03 March 2017. Published by Michelle Sloane, Partner

In G B Housley Limited v HMRC [2016] EWCA Civ 1299, the Court of Appeal allowed the Appellant's appeal and restored the decision of the First-tier Tribunal (FTT) which had discharged HMRC's VAT assessment on the basis HMRC had failed to correctly exercise its discretion.

Background

G B Housley Limited (the Appellant) was a scrap metal dealer.  The Appellant operated informal self-billing arrangements in relation to supplies of scrap metal received and claimed an input tax deduction. 

HMRC considered the self-billing arrangements to be invalid as some of the Appellant's suppliers were not registered for VAT and were not at the address of the self-billing invoice.  HMRC was also of the view that the Appellant had failed to correctly notify HMRC that it would be operating a self-billing arrangement. 

The Appellant requested HMRC to exercise its discretion under Regulation 29(2) of the VAT Regulations 1995 (the Regulations) to accept, in the absence of proper self-billing invoices, alternative evidence in support of the input tax deductions.  This request was refused.

HMRC denied the deduction and issued an assessment to the Appellant under section 73 of the Value Added Tax Act 1994 in the sum of £337,381, which was appealed. 

The FTT held that HMRC had not exercised its discretion properly and the assessment was discharged. HMRC appealed to the Upper Tribunal (UT). 

The UT found that HMRC had failed to properly exercise its discretion under the Regulations.  However, in the course of its decision, the UT raised the issue as to what were the consequences of HMRC's failure to exercise its discretion, in particular, whether the assessment should be discharged or should stand.  A further hearing was held to consider this issue.  In the UT's second decision it held that the FTT should not have discharged the assessment.  The UT considered that the FTT could only discharge the assessment if one of the following applied:

  • HMRC revisited its decision and decided to exercise its discretion in the taxpayer's favour; or

  • the FTT (or UT) determined that, on the basis of the evidence before it, HMRC could not reasonably have reached the decision it did.

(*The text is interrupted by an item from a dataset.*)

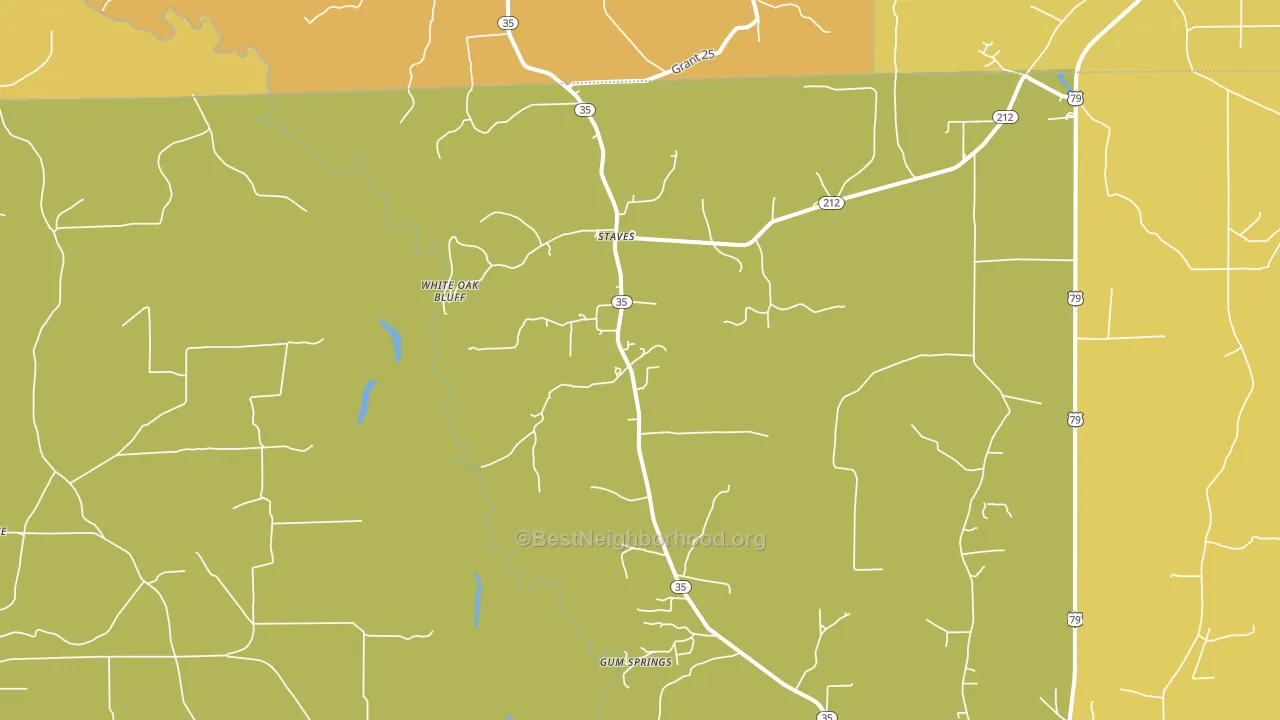 Staves, AR block-group voter-turnout map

The UT therefore decided to remit the matter to HMRC to remake its decision and if HMRC decided not to exercise its discretion in the Appellant's favour, remit the matter to the FTT to determine whether HMRC had properly exercised its discretion. 

The UT reached this decision on the basis that its role in determining whether HMRC had properly exercised its discretion was supervisory. 

The Appellant appealed the UT's decision to the Court of Appeal on the basis that once it was established that HMRC had acted unreasonably in exercising its discretion the appeal should have been allowed.    

Court of Appeal's decision

The Court allowed the Appellant's appeal applying the approach adopted by the Court of Appeal in John Dee Limited v HMRC [1995] STC 941.

In John Dee, the Court concluded that the powers of the FTT in cases dealing with the exercise by HMRC of its discretion under the Regulations are appellate and not supervisory.  Therefore, once it is found that HMRC has misdirected itself, the appeal should be allowed.  HMRC would then be free to issue a new assessment on the basis of a proper exercise of its discretion. 

In this case, HMRC had misdirected itself in applying its discretion under the Regulations because of a misapprehension as to the necessity of a billing agreement.  It was not a case where HMRC could demonstrate that if it had properly exercised its discretion it would have inevitably come to the same conclusion and denied the input tax.  Once HMRC's  decision to raise the assessment had been found to be flawed, the appeal against the assessment should have been allowed and the assessment discharged. 

Comment

This case provides further confirmation that the powers of the FTT in cases dealing with the exercise by HMRC of its discretion under the Regulations are appellate and not supervisory.

This is also an important decision in relation to the evidence required to support input tax reclaims where there is no valid VAT invoice.  The Court of Appeal put significant emphasis on alternative evidence to justify the claim of input tax.  HMRC is required to consider any such alternative evidence pursuant to the Regulations before issuing an assessment.